This tiny little new shop on the Naschmarkt block is making our style buds go all wild with excitement. The hat store’s Nomade Moderne owners, Nuriel Molcho and his fiancee, Audrey Lee James, defy all stereotypes of people their age – 1: they’re already getting married, and 2: while most people their age are chasing after the IT trends, they’ve stepped back in time and learned the craft of hatmaking. They represent a trend amongst the Generation Ys discovering that everything old is new again. And it just so happens that after a long hiatus, the trend of accessorising your head with a hat, is back, and in a big way.
The Nomade Moderne hats workshop is across the way from Nuriel’s family’s Oriental restaurant ‘Neni.’
We sat down with Nuriel for an Israeli-style, ‘tea with nana,’ at Neni during which he told me all about his love and fascination for hats.
While Nuriel was always interested in buying old watches and art, he claims that modern fashion has become too minimalistic, favouring comfort over style.
While Nuriel has been a centre in the making of the Tel Aviv Beach and Neni, this is his first escapade with design.
“I came to notice hats while living in the second district of Vienna, an area in which there are a lot of Jewish people.

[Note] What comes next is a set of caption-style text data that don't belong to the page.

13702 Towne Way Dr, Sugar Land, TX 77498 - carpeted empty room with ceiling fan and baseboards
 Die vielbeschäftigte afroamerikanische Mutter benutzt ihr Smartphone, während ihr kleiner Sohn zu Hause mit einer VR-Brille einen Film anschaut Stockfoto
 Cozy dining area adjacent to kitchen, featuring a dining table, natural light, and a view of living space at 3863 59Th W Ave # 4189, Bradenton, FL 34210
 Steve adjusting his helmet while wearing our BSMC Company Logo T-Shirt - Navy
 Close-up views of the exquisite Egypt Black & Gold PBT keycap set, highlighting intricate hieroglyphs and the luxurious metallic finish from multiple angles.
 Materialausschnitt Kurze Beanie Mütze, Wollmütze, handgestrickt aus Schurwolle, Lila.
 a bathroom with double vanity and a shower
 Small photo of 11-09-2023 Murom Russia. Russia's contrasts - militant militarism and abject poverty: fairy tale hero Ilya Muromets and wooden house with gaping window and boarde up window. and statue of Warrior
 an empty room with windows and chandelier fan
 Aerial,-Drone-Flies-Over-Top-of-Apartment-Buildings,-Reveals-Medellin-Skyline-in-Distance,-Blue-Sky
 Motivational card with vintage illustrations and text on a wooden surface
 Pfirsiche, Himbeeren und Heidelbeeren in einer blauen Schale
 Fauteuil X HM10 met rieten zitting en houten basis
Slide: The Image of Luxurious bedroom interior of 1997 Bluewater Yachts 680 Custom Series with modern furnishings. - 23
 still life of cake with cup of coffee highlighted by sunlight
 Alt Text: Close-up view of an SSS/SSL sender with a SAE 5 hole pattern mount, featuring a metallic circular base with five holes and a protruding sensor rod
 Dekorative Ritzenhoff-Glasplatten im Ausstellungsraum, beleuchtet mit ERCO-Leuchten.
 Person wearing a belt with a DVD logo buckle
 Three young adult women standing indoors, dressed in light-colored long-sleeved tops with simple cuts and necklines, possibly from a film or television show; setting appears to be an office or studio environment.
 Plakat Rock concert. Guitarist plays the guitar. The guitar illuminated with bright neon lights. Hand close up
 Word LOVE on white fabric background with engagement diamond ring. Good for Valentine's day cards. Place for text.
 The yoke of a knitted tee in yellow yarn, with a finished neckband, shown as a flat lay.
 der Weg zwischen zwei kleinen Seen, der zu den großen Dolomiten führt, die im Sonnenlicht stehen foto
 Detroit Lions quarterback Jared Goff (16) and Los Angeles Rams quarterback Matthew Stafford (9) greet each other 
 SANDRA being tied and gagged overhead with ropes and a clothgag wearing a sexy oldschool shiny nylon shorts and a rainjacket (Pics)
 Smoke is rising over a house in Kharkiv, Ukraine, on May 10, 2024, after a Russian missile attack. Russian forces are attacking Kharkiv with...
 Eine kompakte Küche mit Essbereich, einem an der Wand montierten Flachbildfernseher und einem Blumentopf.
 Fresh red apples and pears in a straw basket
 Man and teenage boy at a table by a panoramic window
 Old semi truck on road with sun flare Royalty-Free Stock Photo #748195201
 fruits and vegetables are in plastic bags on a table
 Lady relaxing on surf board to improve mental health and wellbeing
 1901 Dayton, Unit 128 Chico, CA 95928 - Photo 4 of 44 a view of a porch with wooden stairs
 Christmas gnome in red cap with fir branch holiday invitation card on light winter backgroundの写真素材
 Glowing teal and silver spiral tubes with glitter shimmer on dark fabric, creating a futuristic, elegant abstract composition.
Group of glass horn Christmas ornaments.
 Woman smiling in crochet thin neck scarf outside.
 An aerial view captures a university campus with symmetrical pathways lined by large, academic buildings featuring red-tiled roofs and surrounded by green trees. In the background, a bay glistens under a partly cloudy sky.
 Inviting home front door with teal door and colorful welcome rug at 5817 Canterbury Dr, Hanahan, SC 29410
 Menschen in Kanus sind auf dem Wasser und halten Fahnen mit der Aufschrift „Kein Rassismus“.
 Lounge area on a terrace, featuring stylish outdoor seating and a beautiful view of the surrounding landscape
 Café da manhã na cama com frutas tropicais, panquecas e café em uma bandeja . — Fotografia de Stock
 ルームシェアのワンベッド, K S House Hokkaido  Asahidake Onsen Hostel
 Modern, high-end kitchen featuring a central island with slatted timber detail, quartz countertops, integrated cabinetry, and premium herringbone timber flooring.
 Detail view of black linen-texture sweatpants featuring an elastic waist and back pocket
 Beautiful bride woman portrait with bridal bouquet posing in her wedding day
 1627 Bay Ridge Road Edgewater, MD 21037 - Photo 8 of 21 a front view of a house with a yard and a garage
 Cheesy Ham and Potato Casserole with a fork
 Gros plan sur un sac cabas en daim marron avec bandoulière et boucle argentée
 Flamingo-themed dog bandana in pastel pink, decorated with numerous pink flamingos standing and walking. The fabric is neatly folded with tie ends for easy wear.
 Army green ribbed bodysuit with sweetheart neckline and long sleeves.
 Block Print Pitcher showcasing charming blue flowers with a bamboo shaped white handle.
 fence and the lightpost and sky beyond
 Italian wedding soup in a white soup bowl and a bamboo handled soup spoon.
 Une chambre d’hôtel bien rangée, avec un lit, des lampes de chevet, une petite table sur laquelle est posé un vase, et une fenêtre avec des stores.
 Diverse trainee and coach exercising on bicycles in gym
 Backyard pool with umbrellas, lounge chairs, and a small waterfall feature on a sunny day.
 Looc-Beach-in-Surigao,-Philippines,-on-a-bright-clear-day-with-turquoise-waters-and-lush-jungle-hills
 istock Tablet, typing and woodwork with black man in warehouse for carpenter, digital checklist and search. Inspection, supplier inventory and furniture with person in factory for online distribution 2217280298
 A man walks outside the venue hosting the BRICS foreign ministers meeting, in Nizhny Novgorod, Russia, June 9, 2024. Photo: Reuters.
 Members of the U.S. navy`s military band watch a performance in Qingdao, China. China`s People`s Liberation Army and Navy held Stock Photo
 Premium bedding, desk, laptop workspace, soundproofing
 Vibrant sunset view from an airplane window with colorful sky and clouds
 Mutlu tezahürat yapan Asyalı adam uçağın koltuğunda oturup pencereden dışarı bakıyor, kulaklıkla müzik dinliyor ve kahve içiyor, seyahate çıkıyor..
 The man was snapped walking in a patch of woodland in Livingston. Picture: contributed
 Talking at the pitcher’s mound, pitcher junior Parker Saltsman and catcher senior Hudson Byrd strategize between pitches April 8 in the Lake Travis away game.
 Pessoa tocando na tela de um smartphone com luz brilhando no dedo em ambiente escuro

I think that being Jewish myself, I subconsciously see people wearing religious hats more than other people do.” The currently trending black, wide-brimmed “black hat” or Borsalino is most commonly associated with ultra-Orthodox non-Hasidic Jews.
Nuriel tells us that he’s fascinated by the stories that hats tell about the owner who wears it on their head. He felt that hats had had their day and that they were a misunderstood fashion accessory.
So Nuriel set off to make his own.
The entrepreneur started YouTubing his new obsession and meeting up with old hat makers to learn their skills and know-how, and to learn some real hat history. Nuriel found his mentor in a Rabbi, who is one of the few hat makers in Vienna who produces hats for all kinds of clientele, from religious Jews wearing Kosher hats to the iconic bowler hats worn by Viennese Fiaker drivers.
After learning the basics, he started looking for old equipment at vintage stores and got to work making his first handmade hat. While his first attempt turned out crooked and awkward looking, by his second, he’d refined his craft. Shortly after, Nuriel and Audrey were making hats by the order, and had opened up their shop, Nomade Moderne.
Nuriel and Audrey are now fulfilling orders for customised hats daily, especially since the word of Nomade Moderne crossed the Viennese Danube and wandered all the way to Berlin. While Audrey focuses on the sewing, Nuriel does the shaping of the headpieces.
This little hattery will be crowning many a heads in a society in which the old is new and where we want what we wear to speak for us.